On the verge of huge transformation, Burma’s former capital has a rich architectural legacy

 

Few places resonate more in the history of modern Burma than the sprawling red brick Victorian complex at No 300 Theinbyu Road in downtown Yangon.

It was here that the British colonial administration was headquartered, here that the ceremony marking Burma’s independence was held, and here that its parliament sat until the military junta took over in 1962. Known as the Secretariat, the collection of buildings is most famous for one of the country’s darkest episodes – the assassination in 1947 of Gen Aung San, independence leader and father of Nobel laureate Aung San Suu Kyi.

But despite its historical significance, the Secretariat, like so many other colonial edifices in Burma’s former capital, stands crumbling and neglected in a fast-changing city whose skyline is punctuated by new office blocks. Built in the late 19th century, the 16-acre site contains a hodge-podge of architectural styles behind a razorwire perimeter that keeps out any curious members of the public.
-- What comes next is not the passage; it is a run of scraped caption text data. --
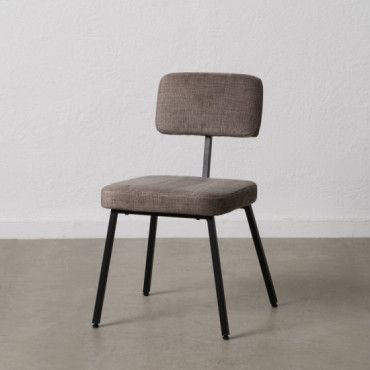 Silla Gris Tejido-Metal Decoración 42,50 X 55 X 77,50 Cm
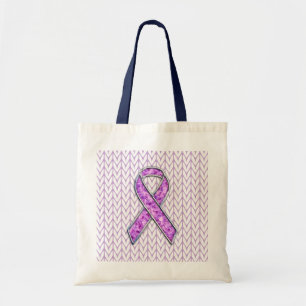 Bolsa Tote Malha cor-de-rosa de cristal à moda da consciênc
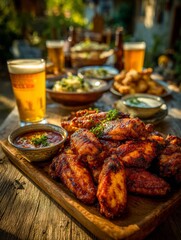 Delicious BBQ Chicken Wings with Beer and Snacks on Rustic Wooden Table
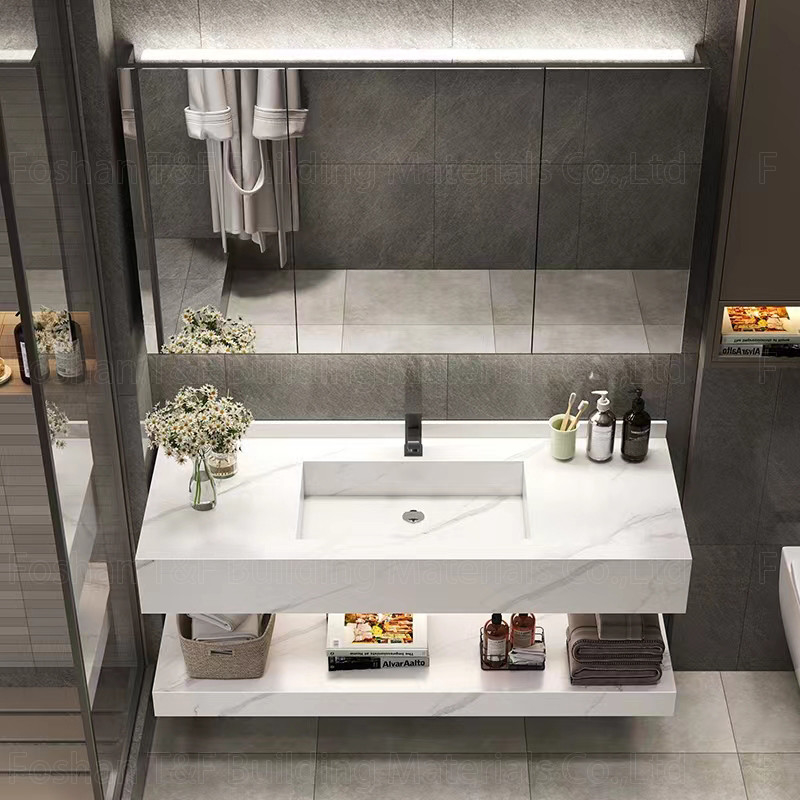 Countertop ματαιοδοξίας λουτρών cOem συμπυκνωμένα μονάδες πέτρινα οδηγημένα λεκάνη γραφεία αποθήκευσης καθρεφτών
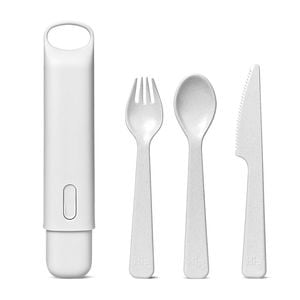 3Pc Hip Kitchen Tableware Case w/ Silicon Spoon Fork Knife Cutlery Dusty Grey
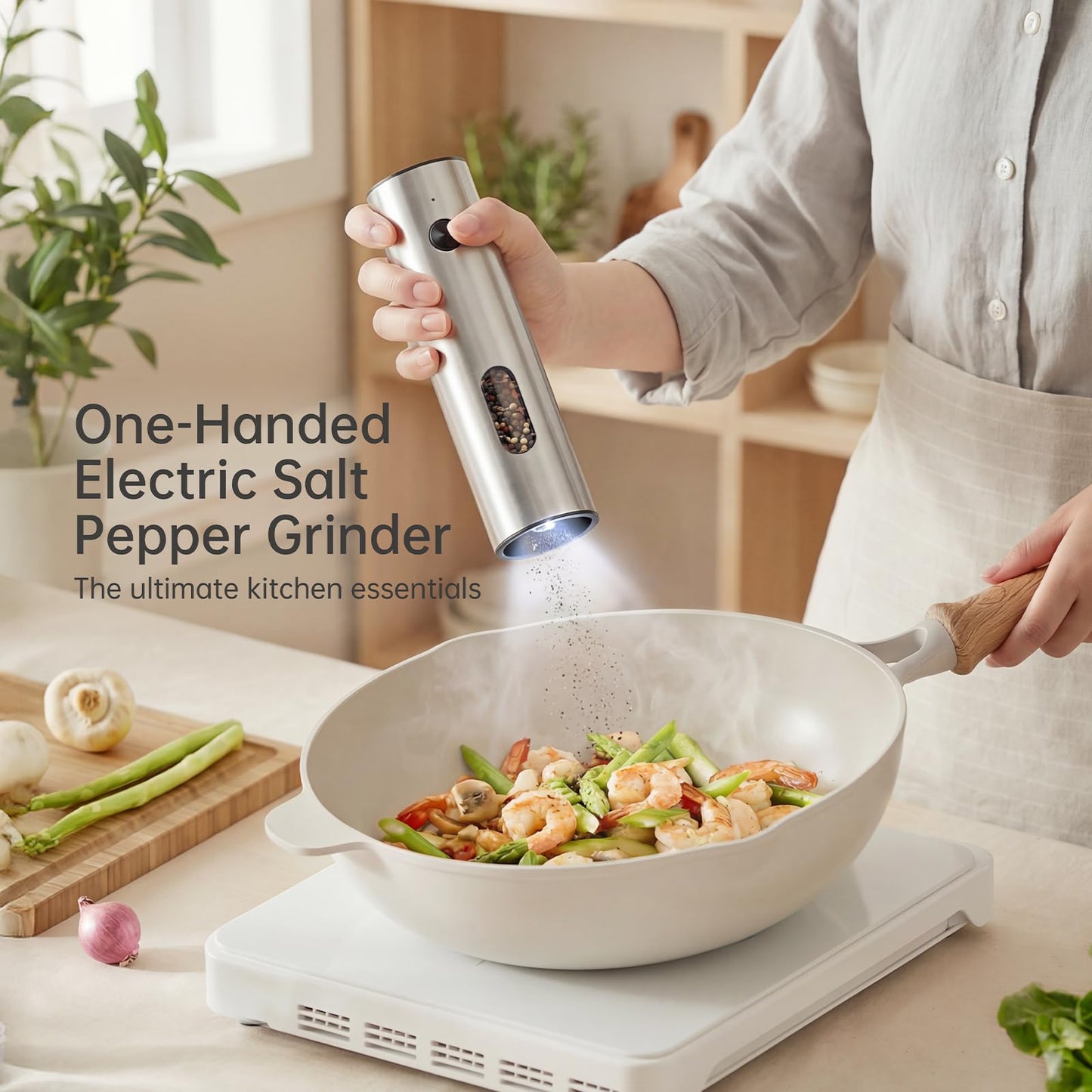 Electric Salt and Pepper Grinder Set, Pepper and Salt Shakers, Auto Pepper Mill with Rechargeable Base/Led Light/Adjustable Coarseness, Kitchen Essentials Ideal for Daily Use & New Home Gift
Visiting the Secretariat is a rare treat. Inside, ghostly corridors lead to cavernous rooms with collapsed ceilings and boarded up windows. A spectacularly ornate staircase just inside what was once the main entrance evokes the grandeur of a bygone era when bustling, cosmopolitan Yangon – then known as Rangoon — was considered a jewel of the British empire and one of the world’s great trading outposts.

Buddhist shrine

Up another stairway in the mildewed western wing is the room where gunmen shot Aung San dead as he held a meeting with colleagues. The space is now a curious mix of prayer area – a Buddhist shrine takes up much of the room – and half-hearted memorial. The only nod to what transpired here six decades ago is a monochrome portrait of a uniformed Aung San placed on top of a blue-painted cupboard, alongside a small vase of flowers. Our guide, a middle-aged Burmese man, stands for a moment in silent homage to the national hero.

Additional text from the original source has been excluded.